How is playing live and writing music in the studio connected? What do you achieve and draw from each experience personally? How do you see the relationship between improvisation and composition in this regard?
Currently, I have not done any style of live performance, as Meitei is composing music by combining sounds, like a collage. My composition is distinctive, not very musical. Melody and scale etc are not intended. Everything is the result of a chain of choices. Recently I do not use instruments at all. The sound I choose is always sampled from the huge sound library I made in the past. I change the bit rate to feel the expression of the sound, the selection method will result in a track. This method is inspired by the upward and downward action of the rotation speed of the cassette tape. And when it gets a slow rotation speed, it starts giving a sense of linking to Japanese drama. These methods are perfectly adapted to the current Meitei theme.
I am not much influenced by musicians, but more inspired by artists like Hayao Miyazaki, Haruki Murakami etc. My music has many concepts, themes, stories. It sometimes has a comical element like animation and expresses a calm scenery like a novel. In other words, I create entertainment. I am still looking for the best way to translate my music into a live setting without losing the intent. Of course, I would love to perform live in the near future.
How do you see the relationship between the 'sound' aspects of music and the 'composition' aspects? How do you work with sound and timbre to meet certain production ideas and in which way can certain sounds already take on compositional qualities?
My music production now has a concept – a Lost Japanese mood. For that, I will study what kind of style is required and what kind of sound color is necessary. I will abolish improvisation in favour of track-making akin to sound design, as it’s the best strategy at this stage for the unique Meitei sound. I often go to see the moss on an old temple full of rustic quiet and darkness to research the color of sound.
Our sense of hearing shares intriguing connections to other senses. From your experience, what are some of the most inspiring overlaps between different senses - and what do they tell us about the way our senses work? What happens to sound at its outermost borders?
I want to answer this question not as Meitei but as Fujita (myself). Three years ago, I realised that I had synaesthesia. I consulted the research team in Kyoto University and they advised me to devote more time to music. When I knew I had this, I became aware of the possibilities as an artist.

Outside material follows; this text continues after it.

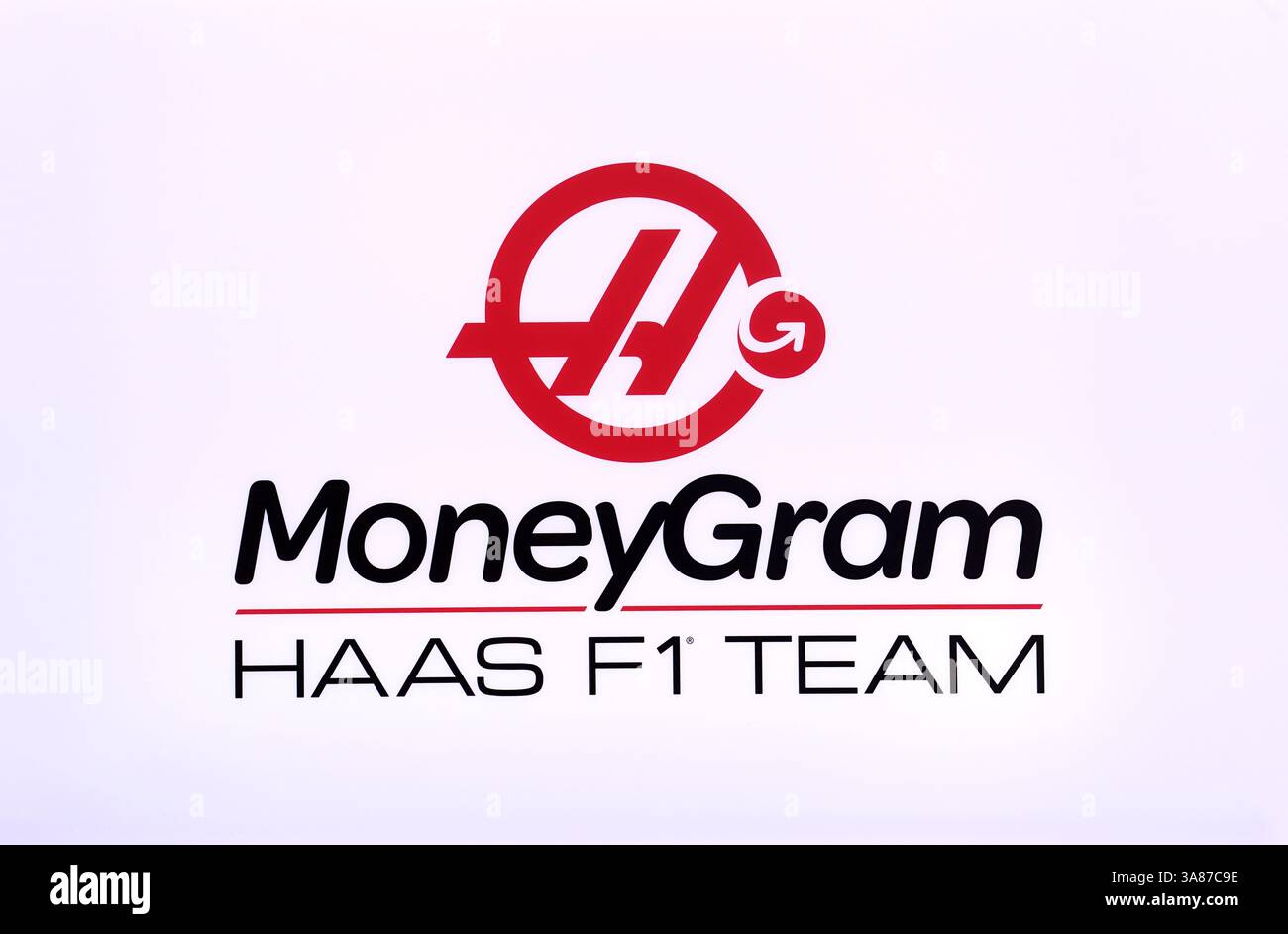 Une vue générale du logo de l'équipe de F1 Haas le premier jour des essais de pré-saison sur le circuit international de Bahreïn, Sakhir. Date de la photo : mercredi 26 février 2025. Banque D'Images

When I talk about synaesthesia, I like music that emits the colour blue. I’ve managed to make music that does this as well. To me, sound and music have an inter-sensual connection.
Art can be a purpose in its own right, but it can also directly feed back into everyday life, take on a social and political role and lead to more engagement. Can you describe your approach to art and being an artist?

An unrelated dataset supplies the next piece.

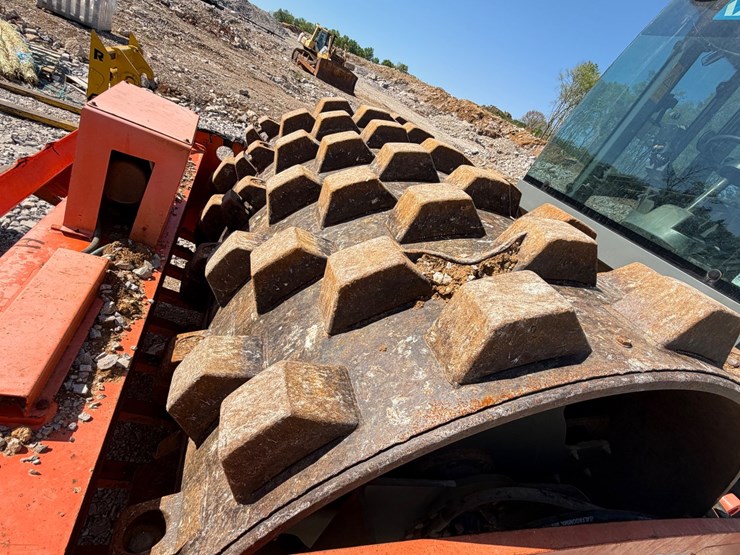 #31928-•-2020-xcmg-cv123pdu-vib-padfoot-compactor-image-2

These days, my approach to art is an expression that cannot be translated into language. For example, there are some emotions you feel when you look at old photos of Japanese landscapes. There is still a lot that is unknown to us that is beyond words and emotion and the role of music is to translate emotions. I try to translate this Japanese mood through my music as Meitei and I want to challenge this theme as an artist.

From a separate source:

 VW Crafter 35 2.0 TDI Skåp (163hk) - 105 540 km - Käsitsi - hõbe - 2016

It is remarkable, in a way, that we have arrived in the 21st century with the basic concept of music still intact. Do you have a vision of music, an idea of what music could be beyond its current form?
I am also surprised that the basic concept of music still remains. At the same time it symbolizes the calmness of the speed of growth of the culture of music. I think that the speed of its growth is because there is not much changed in how we listen to music. We listen to music in stereo with two ears. I cannot imagine how this is going to evolve. However, if new ways of creating and consuming music continue to develop, new concepts of music be derived.